Sunday, September 25, 2016

529 Accounts

Frequently clients inquire about the best ways to either make gifts to grandchildren during their lifetime or leave a small gift to their grandchildren at their death.  One way to accomplish that gift is to leave money to a 529 Account, named for the Internal Revenue Code Section allowing for the tax favored status of such account. 

A 529 Account is a savings account that is invested, income tax free, for the purpose of funding the named beneficiary’s education.  The deduction does not provide any income tax benefits for purposes of your federal income taxes, but Missouri donors may qualify for a deduction for purposes of their state income taxes.

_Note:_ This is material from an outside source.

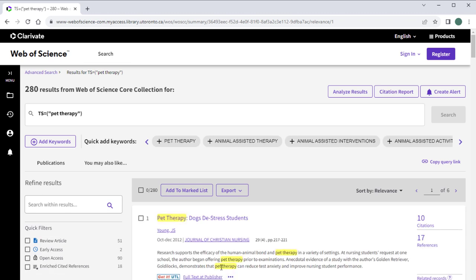To navigate back to the Advanced Search page from the Results page, click on the Search button in the top left-hand corner.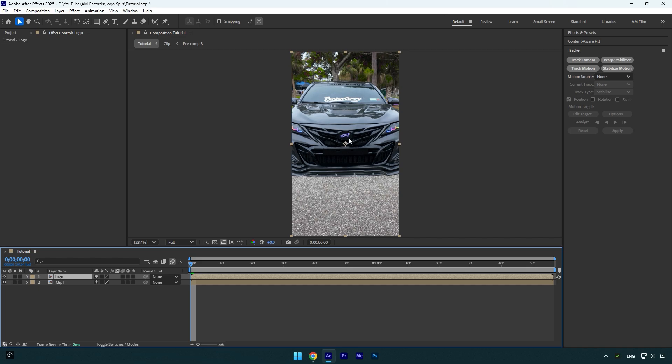And in my case the car's logo is only letters and it means it will be difficult for me to mask with mocha AE and it will be much easier to do it using a roto brush tool.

If you fund the 529 Account during your lifetime, annual gifts of less than $14,000 per donee ($28,000 per donee for a married couple) qualify for the annual exclusion for the gift tax.  Additionally, donors can pre-fund up to 5 years of contributions, and elect to allocate the amount over 5 years for purposes of the gift tax annual exclusion.  In other words, a donor could fund up to $70,000 ($14,000 x 5 year), in year one, and recognize the gift of $14,000 each year for 5 years without incurring any adverse gift tax results.

Funds invested in a 529 Account are invested, typically based on the age of the beneficiary, and do not incur income taxes on the income and appreciation while retained in the account.  Distributions from the 529 Account which are used for qualified higher education expenses (tuition, books, supplies, and certain reasonable room and board) are also tax-free.  However, if the funds are withdrawn for purposes other than qualified higher education expenses, are subject to a 10% income tax penalty.

The owner has the ability to change the named beneficiary, subject to the gift tax limits for the new beneficiary.  The owner can also name the successor owner of the account upon the owner’s death.

While many clients may initial assume that a trust would be a better option for their beneficiary, the 529 Account’s favorable income tax status is an excellent substitute when the beneficiary is expected to attend college and the total funds contributed are likely to be modest.